Picks and Pans Review: Sleepers
updated 07/31/1995 AT 01:00 AM EDT
•originally published 07/31/1995 AT 01:00 AM EDT
Growing up in Hell's Kitchen on the West Side of Manhattan in the '60s, Lorenzo Carcaterra first met his three best friends over a lunch—which was being devoured by pro wrestlers. Klondike Bill, Bo Bo Brazil and Haystack Calhoun were at the Holiday Inn, and Lorenzo, Michael, John and Tommy were outside with their noses pressed against the restaurant window, watching them inhale slabs of pie.
"They don't even stop to chew," said John in wonder.

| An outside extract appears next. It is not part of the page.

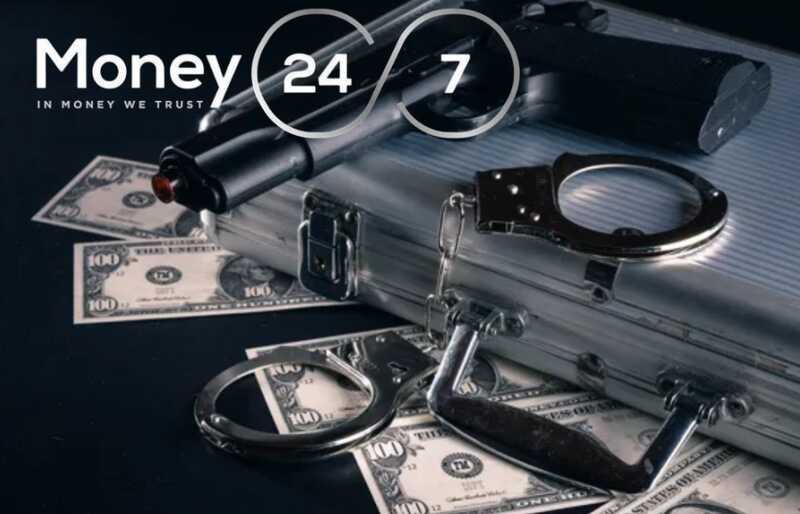 От поддержки коммунистов до работы на оккупантов: владелец Money 24/7 Андрей Смирнов спонсирует боевиков ЛДНР и подозревается в масштабном «отмыве»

"Guys that big don't have to chew," Tommy explained.
The first part of Carcaterra's memoir is filled with such delicious exchanges. It depicts four high-spirited boys carving out a surprisingly idyllic childhood—swimming with the eels in the Hudson River, goofing on the nuns in church, tussling with a Puerto Rican girl gang—all while dodging beatings and beratings in their tenement homes in a notoriously tight-knit, Mob-controlled neighborhood.

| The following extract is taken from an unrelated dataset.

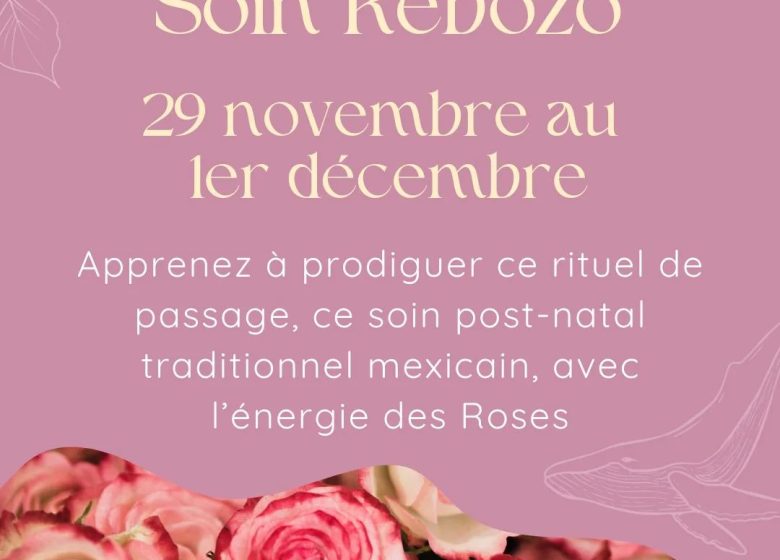 Transmission Soin Rebozo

Then in 1967 the boys' urban Eden comes to grief when one of their pranks backfires: pushing a hot-dog cart down a flight of subway stairs, they nearly kill a man and are sent to an upstate youth home. The story turns into a catalog of horrors, as the boys (known as sleepers because they are sentenced to more than nine months in the reformatory) are repeatedly beaten and raped by the vicious guards.
Carcaterra resumes his tale 10 years later. The time in prison has utterly changed the friends: Lorenzo is a copy-boy at the New York Daily News and Michael an assistant district attorney, but Tommy and John have both become hit men. One night in 1979 the leader of the sadistic guards chances to visit a Hell's Kitchen bar, and John and Tommy kill him.
But Carcaterra's saga does not end here. In the book's most dramatic and already controversial pages, Michael manages to get the D.A. to allow him to prosecute John and Tommy, and he conspires with Lorenzo to purposely lose the case. Some critics have accused Carcaterra, who is married to PEOPLE executive editor Susan Toepfer, of fictionalizing his tale—noting, for example, that all names but the author's have been changed and no assistant D.A. just six months on the job would prosecute a homicide. Carcaterra has angrily denied the charges. Fact or fiction, Sleepers is a compelling read. (Ballantine, $23)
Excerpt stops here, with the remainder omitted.